Commercial Market Review Q1 2024

Sailors around the world know of the inter-tropical convergence zone, an area near the equator where the northeast and southeast trade winds converge, where sailing ships get stuck in windless waters.  This is known in nautical terms as the doldrums.

Transaction volume for commercial real estate was significantly down in 2023 and below the last 10-year average.  According to CoStar, those volumes continue to be depressed, with a 56% decrease in year-over-year activity to a 14-year low of $35 billion for Q1 of 2024.   Interest rates are still putting downward pressure on valuation multiples for real estate and office markets are continuing to see high vacancy rates.  However, looking forward, we continue to see opportunity on the horizon.  Borrowing costs are down from their Q4 highs and transaction activity is continuing to pick up.  According to CoStar, “the early months of 2024 saw a significant shift in the market dynamics, with owner-users overtaking private buyers as the primary buyers of large office developments.  This change marks a departure from the trend since mid-2022, where private buyers led acquisitions as REITs and institutional investors reduced their exposure.” 

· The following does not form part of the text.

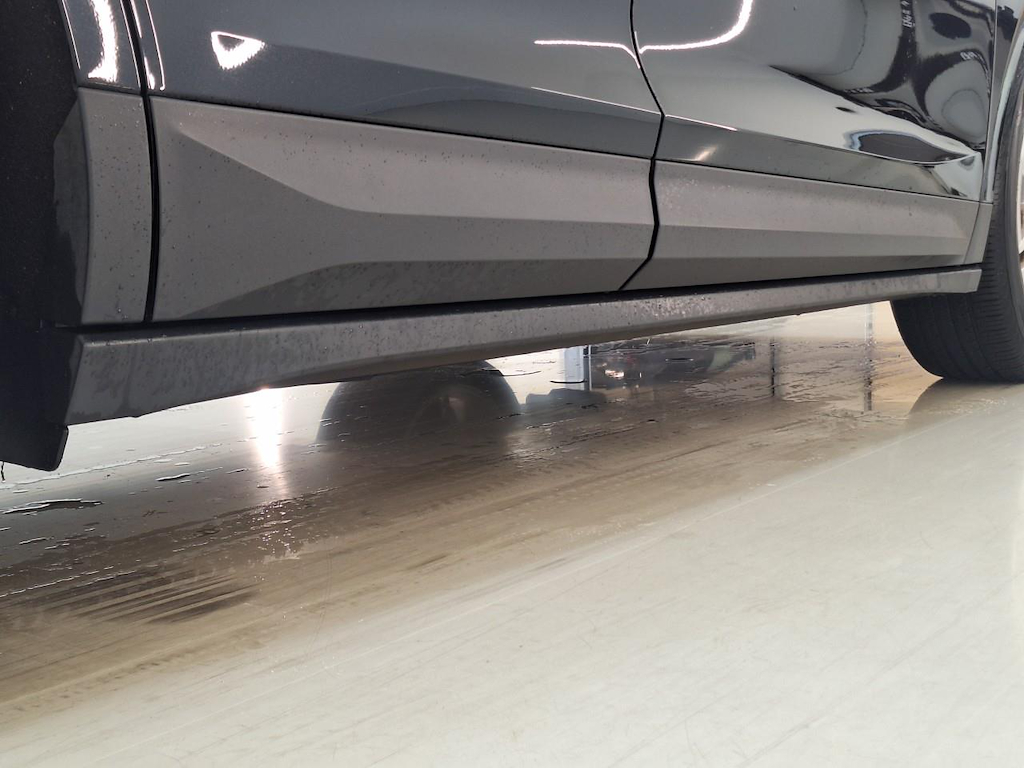 Photo 11 of Skoda Enyaq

What we are seeing is a once-in-a-lifetime investing opportunity, a buying opportunity for distressed assets at reduced prices.  There is an abundance of dry powder, as funds have raised significant capital to take advantage of these opportunities.  Some recent examples include 1101 Vermont Ave., a downtown DC office building which sold for $16 million.  It was most recently traded in 2006 for $60 million and valued in 2018 for $72 million.  And the 12-story office building on 300 W. Adams St. in Chicago, IL sold for $4 million.  The property last sold in 2012 for $51 million.   

Looking at data center development, we see it attracting more institutional investment as an alternative to more traditional office sector real estate.  Data Centers are a fast growing asset class with low vacancy, strong rent growth and 10 times the demand from five years ago. This is part of the overall AI revolution and big tech companies have announced large investments in digital infrastructure that will drive more demand for data centers.  And it shows no signs of slowing.  Most of the capacity that is coming online this year is preleased, while cities like Salt Lake City, UT and Atlanta, GA are the fastest growing data center markets.

So, while we might have been in the doldrums in the first quarter of 2024, there are winds on the horizon that will inevitably fill our sails.